## Records for the exercise
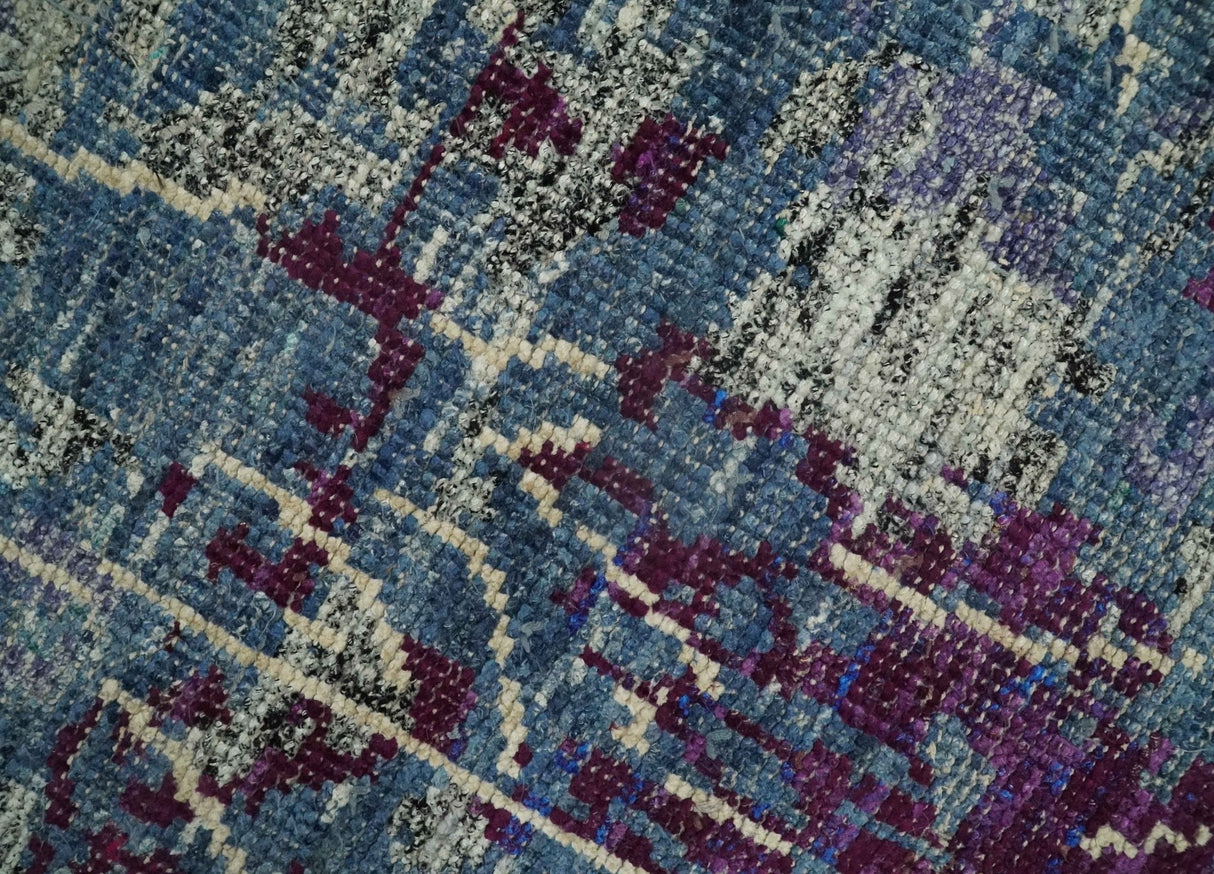 5x8 Hand Knotted Ivory, Blue and Purple Modern Abstract Recycled Silk Area Rug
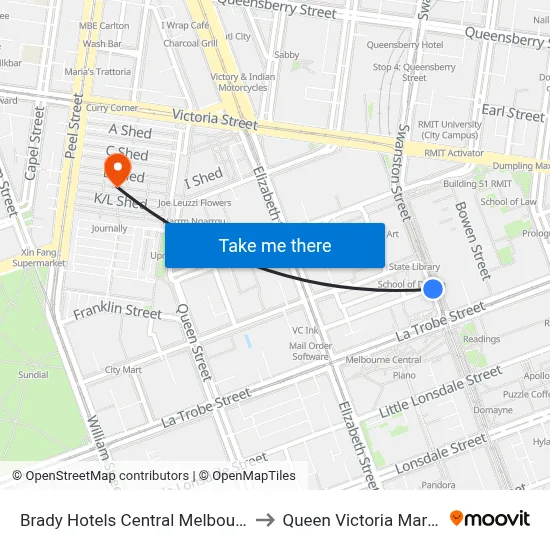 Brady Hotels Central Melbourne to Queen Victoria Market map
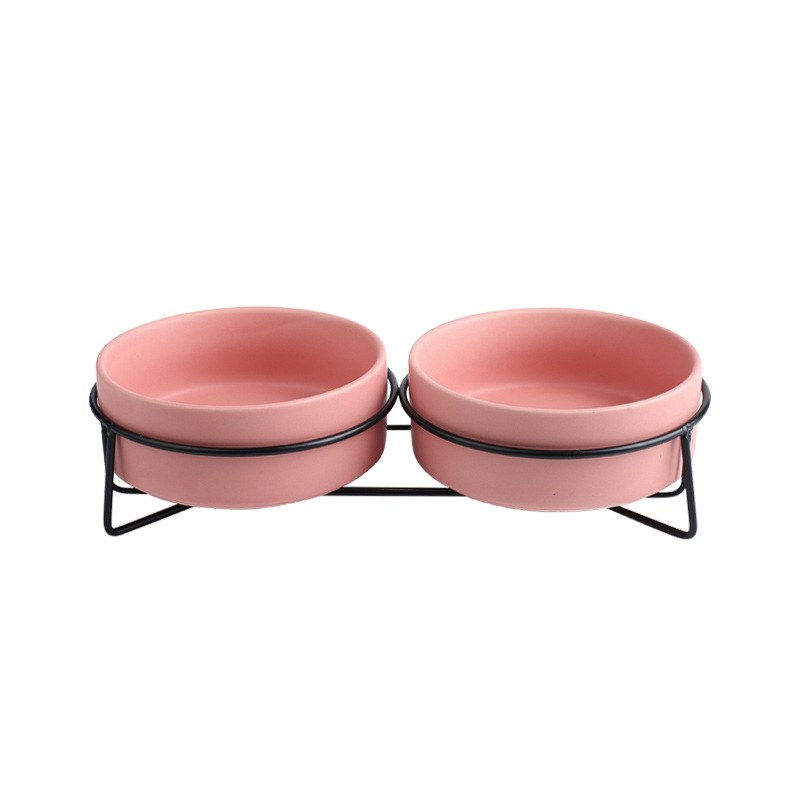 Pet Metal Frame Ceramic Feeding Bowl
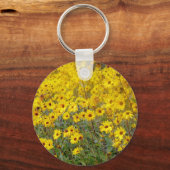 Gebied van klevende gele bloemen sleutelhanger (Voorkant)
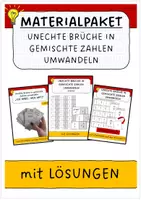 Vorschau - Arbeitsblätter - Materialpaket: Unechte Brüche in gemischte Zahlen umwandeln - Deckblatt
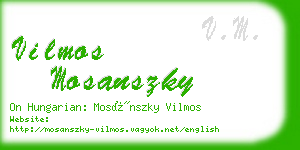 vilmos mosanszky business card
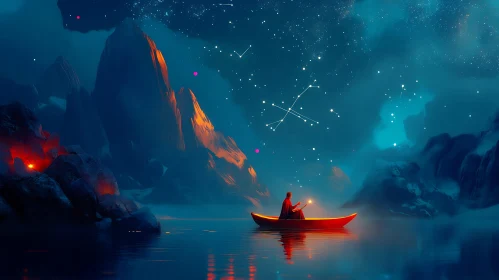 Starlit Lake Boat Ride
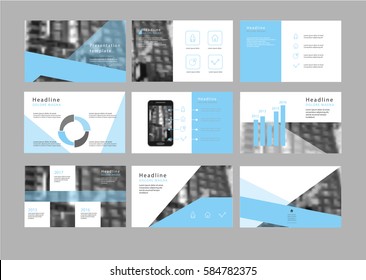 Vector blue presentation template, infographic elements template design set, annual report, booklet, brochure, leaflet, flyer, banner, posture, web, marketing advertising, blurred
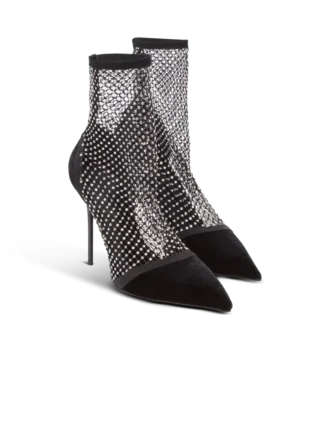 Bottines à talons en maille avec velours et strass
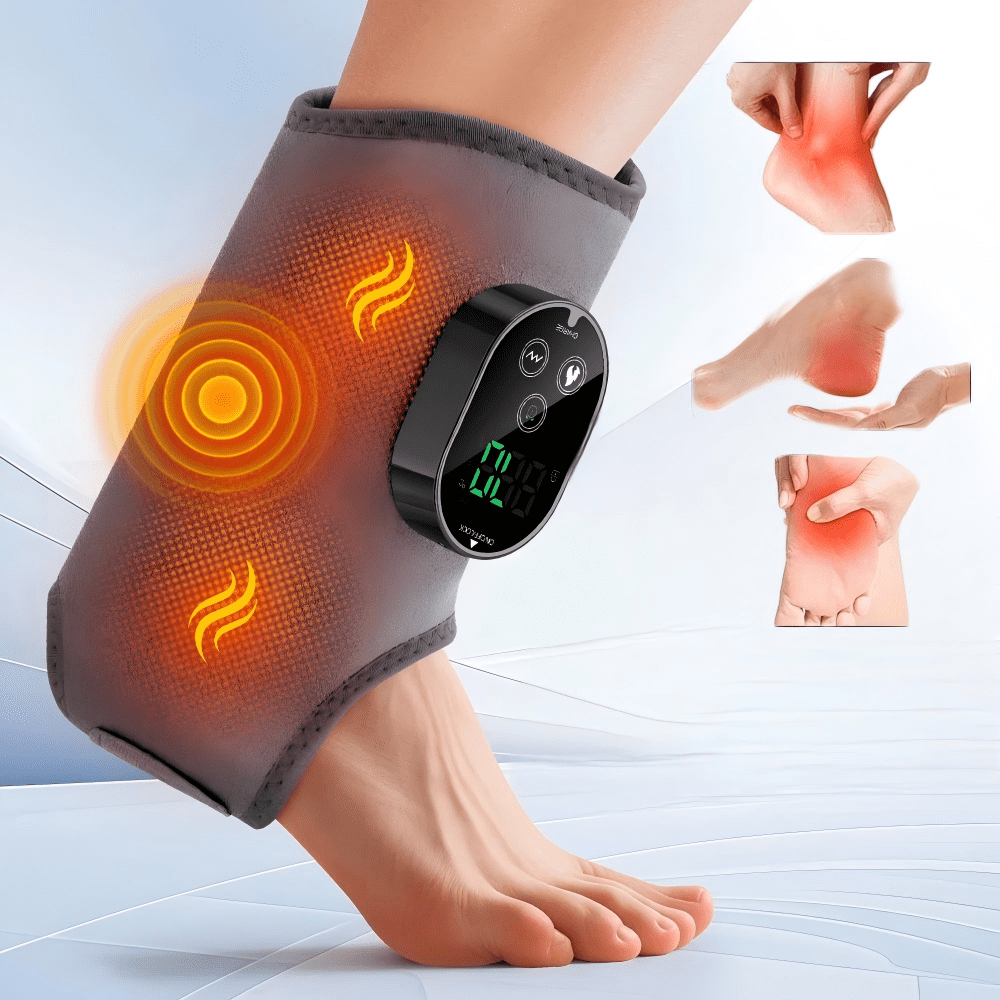Cordless Heated Ankle Massager, Foot Massager, Ankle Brace Wrap Warmer with 6 Heat & 3 Vibration, 3 Timer Settings, 3000mAh Battery, Ankle Heating Pad for Home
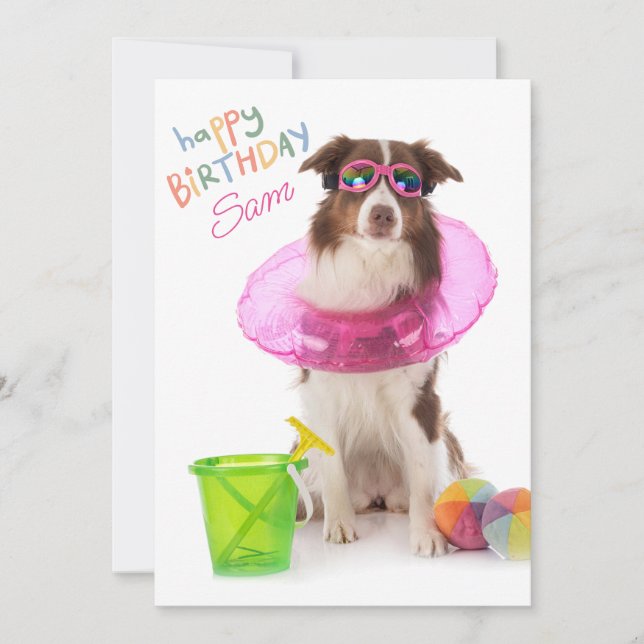 Happy Birthday Dawg Beach Pool Dog Sunglasses Name Holiday Card (Front)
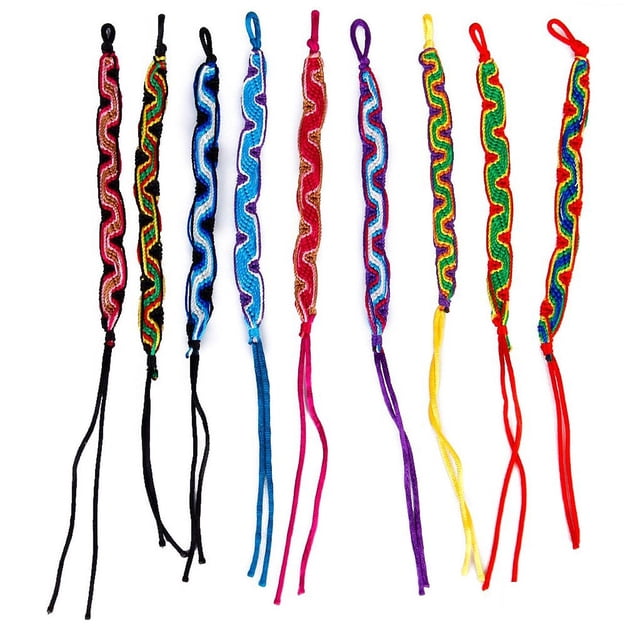 9pcs Curving Style Handmade Colorful Knurled Braided Friendship Bracelets Thread Wrist Ankle Bracelets (Random Color)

## Task
Print exactly the lines from the first line of the records above through the line containing "Happy Birthday Dawg", both included, and leave the pictures out.

## Your solution
 5x8 Hand Knotted Ivory, Blue and Purple Modern Abstract Recycled Silk Area Rug
 Brady Hotels Central Melbourne to Queen Victoria Market map
 Pet Metal Frame Ceramic Feeding Bowl
 Gebied van klevende gele bloemen sleutelhanger (Voorkant)
 Vorschau - Arbeitsblätter - Materialpaket: Unechte Brüche in gemischte Zahlen umwandeln - Deckblatt
 vilmos mosanszky business card
 Starlit Lake Boat Ride
 Vector blue presentation template, infographic elements template design set, annual report, booklet, brochure, leaflet, flyer, banner, posture, web, marketing advertising, blurred
 Bottines à talons en maille avec velours et strass
Cordless Heated Ankle Massager, Foot Massager, Ankle Brace Wrap Warmer with 6 Heat & 3 Vibration, 3 Timer Settings, 3000mAh Battery, Ankle Heating Pad for Home
 Happy Birthday Dawg Beach Pool Dog Sunglasses Name Holiday Card (Front)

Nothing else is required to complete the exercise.